BRIEF |
Please retype the data below exactly, stopping after the line with "Série Touristique. Minerve" and skipping every picture.

RECORDED INFORMATION |
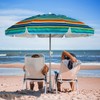 AMMSUN Beach Umbrellas for Sand Heavy Duty Wind Portable, 6.5ft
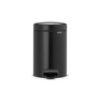 Brabantia pedaalemmer Newicon 3L mat zwart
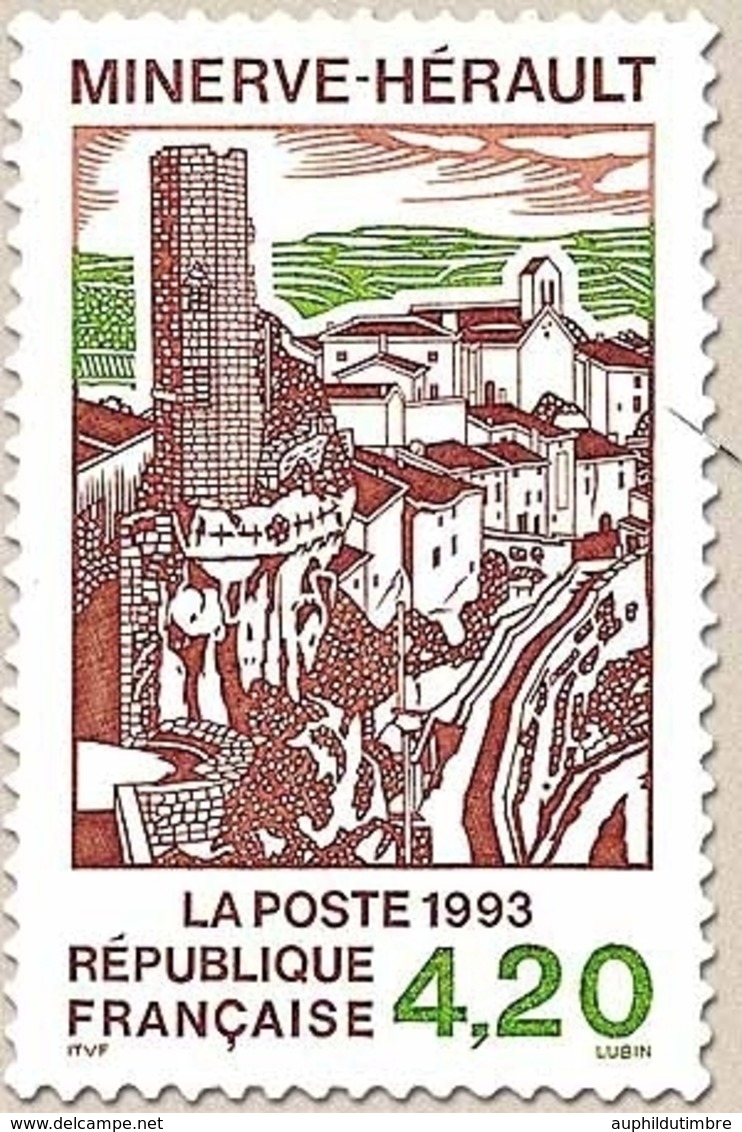 Série Touristique. Minerve 4f.20 Brun Et Vert Y2818 - Unused Stamps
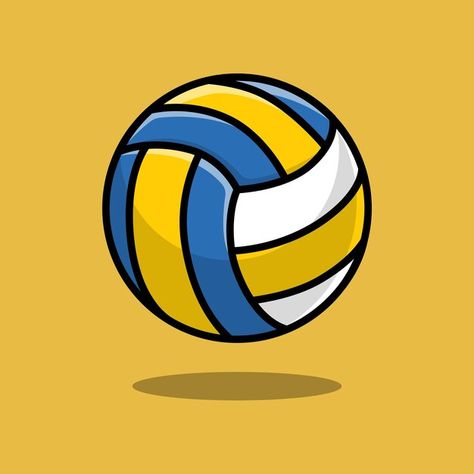 Volleyball Illustration Art, Volleyball Animation, Haikyuu Ball, Volleyball Ball Drawing, Volleyball Drawings, Volleyball Painting, Volleyball Cartoon, 2024 Bingo, Cartoon Volleyball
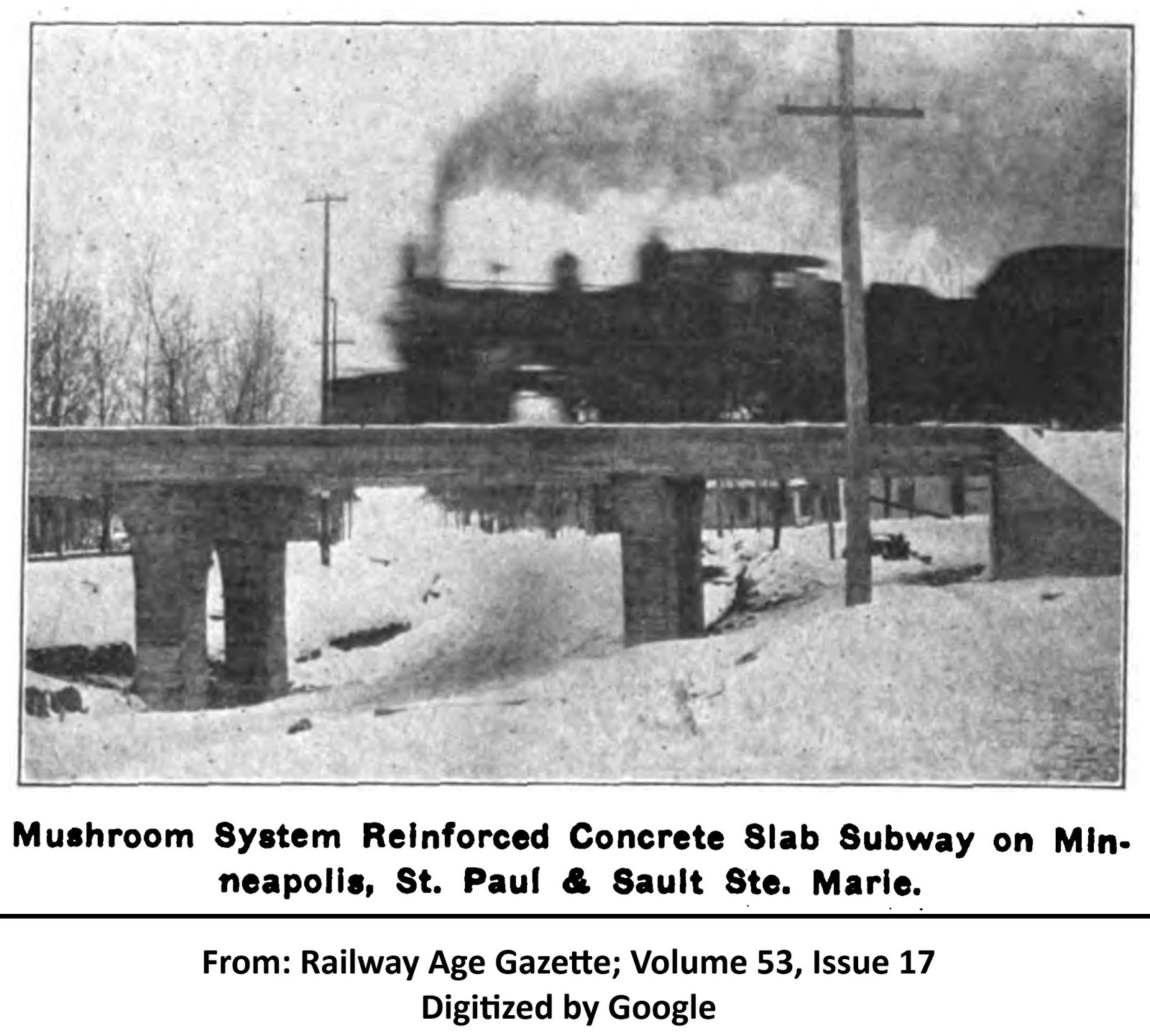 Photo of bridge soon after completion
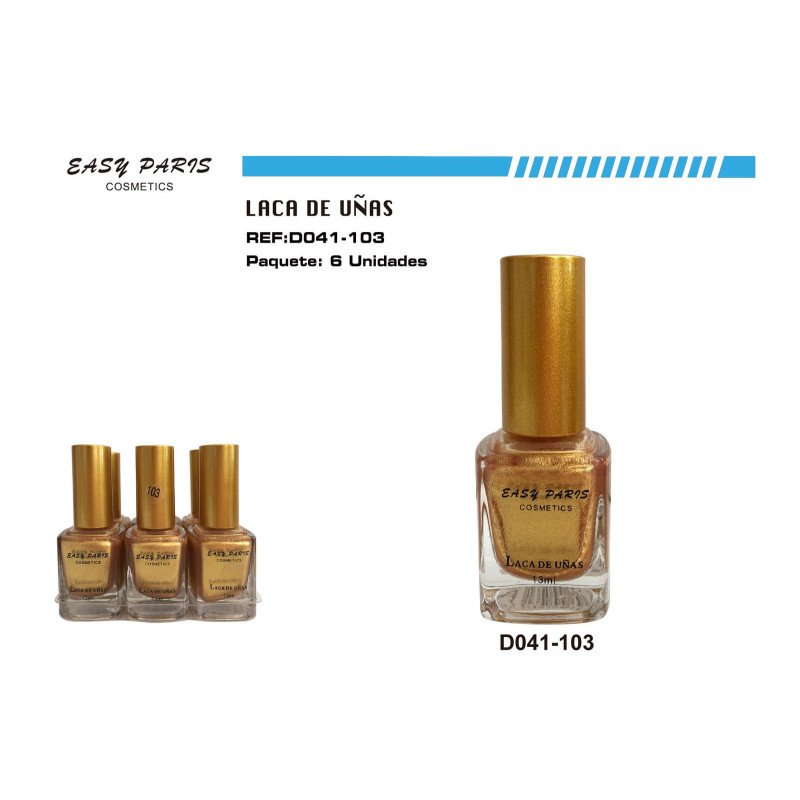 LACA DE UÑAS GOLD EASY PARIS 144/U
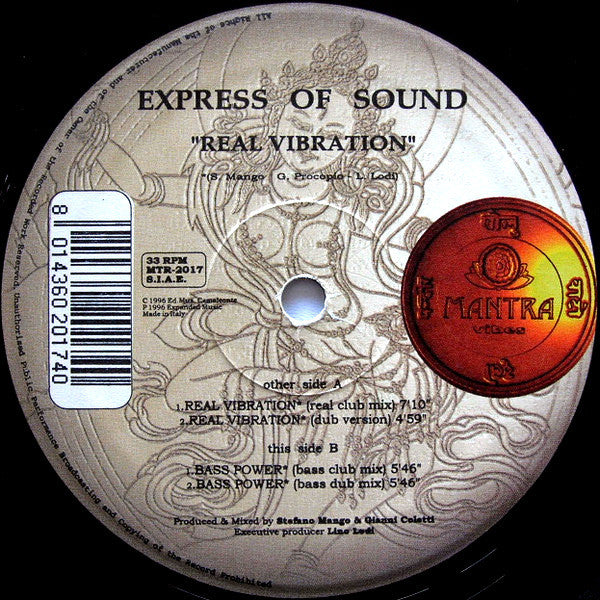 Express Of Sound : Real Vibration (12")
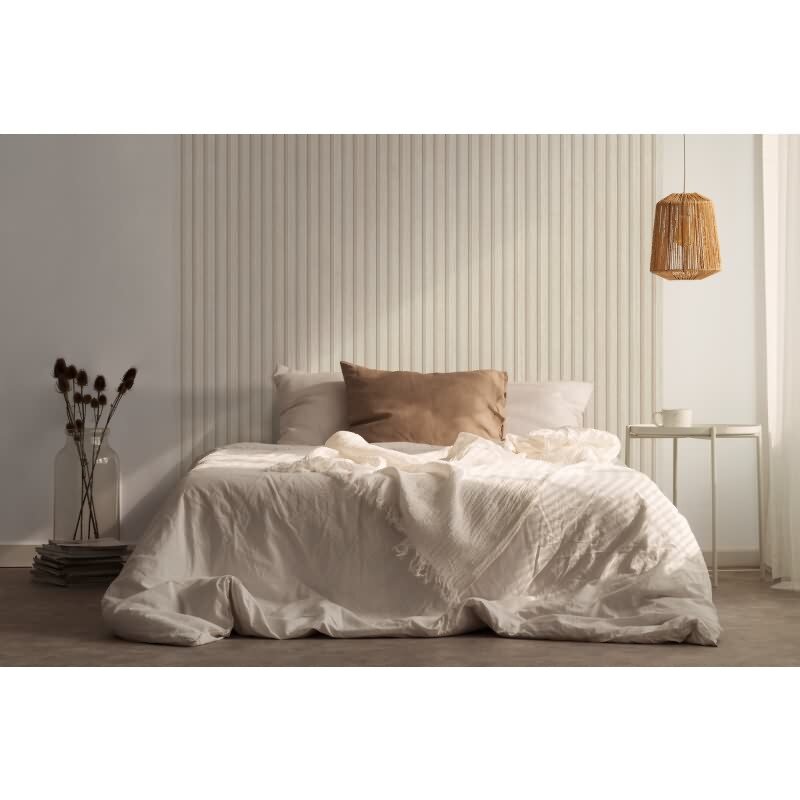 Holzpaneel-Tapete Skandinavisch Beige - Vliestapete modern - Wandtapete AS-Creation (391096)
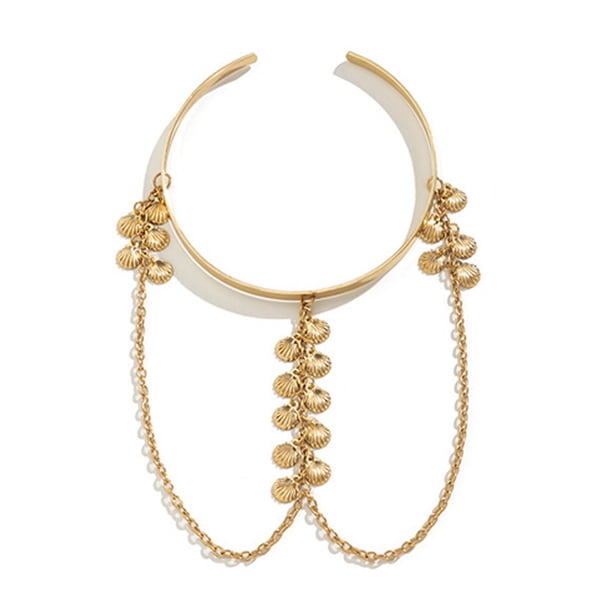 Brazaletes para mujer, brazaletes para la parte superior del brazo, brazaletes con borlas, pulsera ajustable.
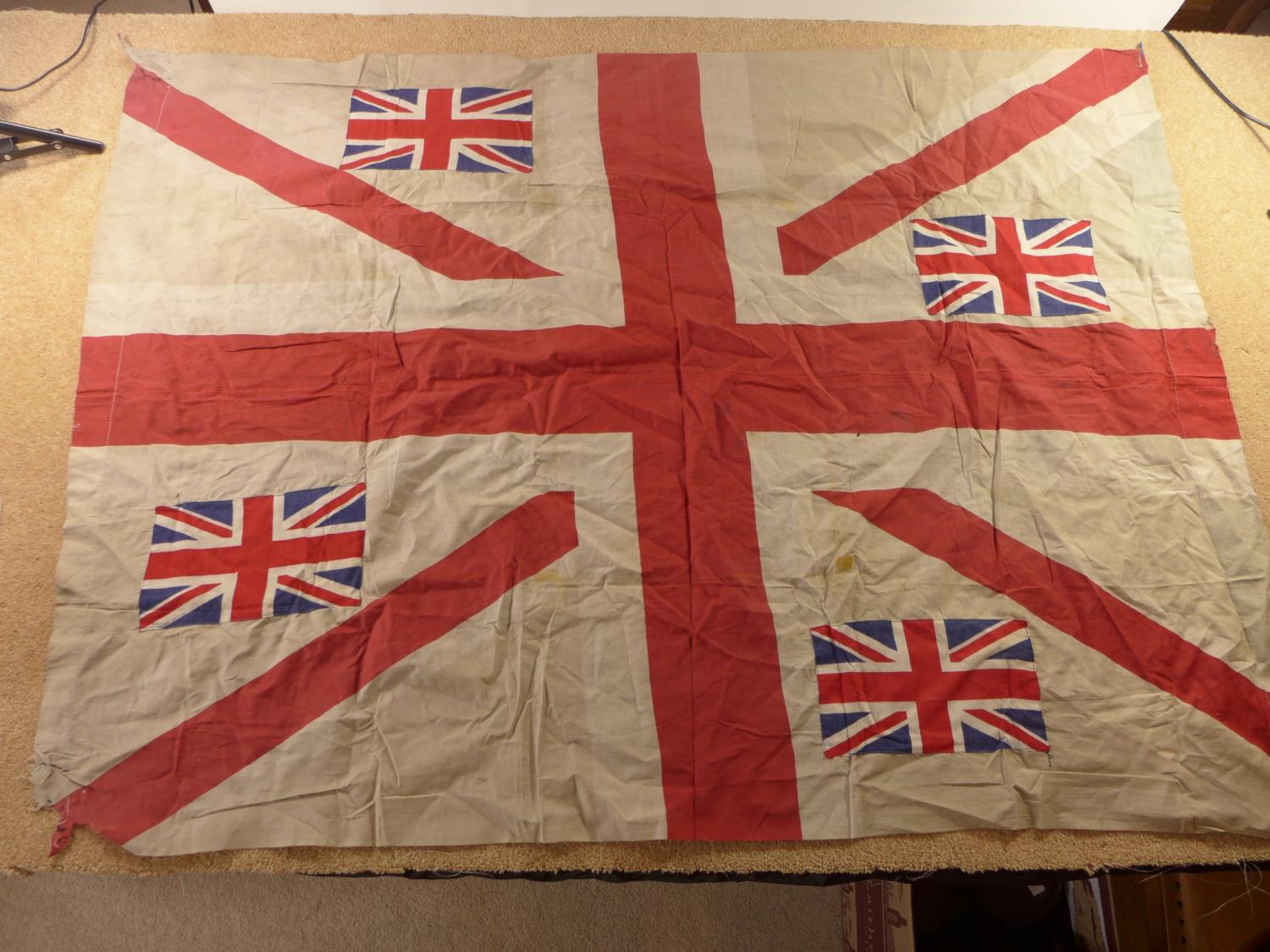 A COTTON UNION JACK FLAG, 95x130CM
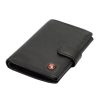 Albatross SN MW02 Z RFID fekete férfi marhabőr pénztárca 10.5 x 12.5 x 3 cm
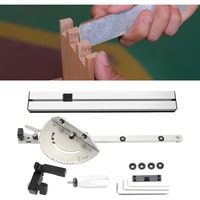 Mitre Gauge Angle Stop Table Saw 450 mm Mitre Gauge Router Saw Assembly Ruler Set w/Box Lanyard for Table Saw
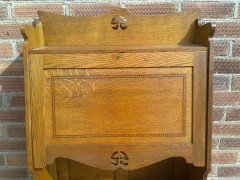 A Good Quality Arts & Crafts Oak Bureau Bookcase - Thumbnail 5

EXPECTED ANSWER |
 AMMSUN Beach Umbrellas for Sand Heavy Duty Wind Portable, 6.5ft
 Brabantia pedaalemmer Newicon 3L mat zwart
 Série Touristique. Minerve 4f.20 Brun Et Vert Y2818 - Unused Stamps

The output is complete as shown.